Volvo Bus wins major city orders

Volvo Bus wins major city orders

Volvo Buses has been awarded substantial contracts to supply buses for operation in several major global metropolises.

The first covers 1 000 B7RLE chassis to be operated by the Transmassivo consortium in Panama City. This is led by a Colombian enterprise Fanalca Group, which also owns operations in several other Latin American countries. Bodywork for the Swedish-built chassis is to be provided by Superpolo, a Colombian joint venture between Marcopolo of Brazil and the Fanalca Group, and the first units are expected to enter service at the end of 2010. Features include automated transmission, ABS, EBS, air conditioning, disc brakes, and electronically controlled suspension with a kneeling facility for easy passenger access. Delivery of these units is part of a major transportation modernisation programme in this city with its more than one million inhabitants.

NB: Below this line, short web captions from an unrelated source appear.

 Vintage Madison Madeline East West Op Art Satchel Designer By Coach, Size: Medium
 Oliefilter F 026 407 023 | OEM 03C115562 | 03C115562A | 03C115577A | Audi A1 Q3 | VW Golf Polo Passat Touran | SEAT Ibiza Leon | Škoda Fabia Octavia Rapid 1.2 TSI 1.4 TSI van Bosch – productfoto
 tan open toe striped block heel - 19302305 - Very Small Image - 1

Two orders have been received for double-decker buses from Asian cities that have well-deserved reputations as global crossroads. The first contract calls for 300 Euro 5-compliant double-deckers to be supplied to SBS Transit in Singapore. More than 1 700 Volvo buses have entered service in Singapore since 1981. The Volvo chassis selected for this application is the Swedish-built B9TL, which will carry bodywork to be manufactured by UK supplier Wrightbus, but assembled and fitted in Singapore. The vehicles will be equipped with Volvo’s ITS4mobility fleet management system to monitor operational efficiency and driver behaviour. The second Asian order is for 115 B9TL chassis, also with Wrightbus double-deck bodywork, to be supplied to Kowloon Motor Bus of Hong Kong early in 2011. These Euro 5-compliant vehicles with 9-litre diesel engines follow an order for 245 single and double-decker units being delivered this year.

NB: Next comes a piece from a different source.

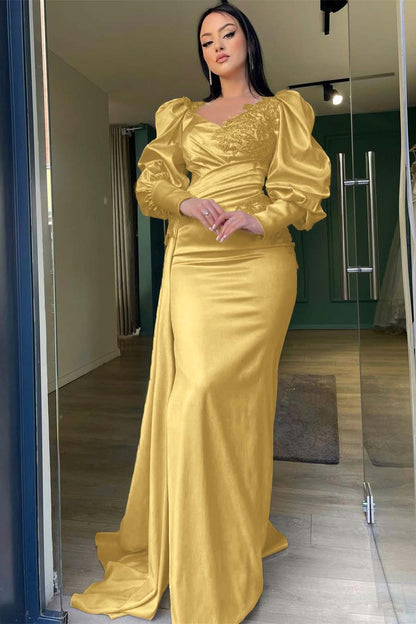 Long Puff Sleeves Mermaid Prom Dress With Appliques Ruffles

M’dina Bus of Casablanca, Morocco, has called for 400 B7R chassis, to be locally fitted with single-decker bodywork by Spanish bodybuilder Hispano in Casablanca. First deliveries are timed for September 2011, and the order should be completed before the end of 2011. M’dina Bus, a privately-owned company, has been operating Casablanca’s city bus service for the past five years, and has built up a fleet of 500 vehicles. The company normally carries out its own maintenance, but will be looking to Volvo’s ten-year-old Moroccan operation to provide driver and technical training on the new B7R buses.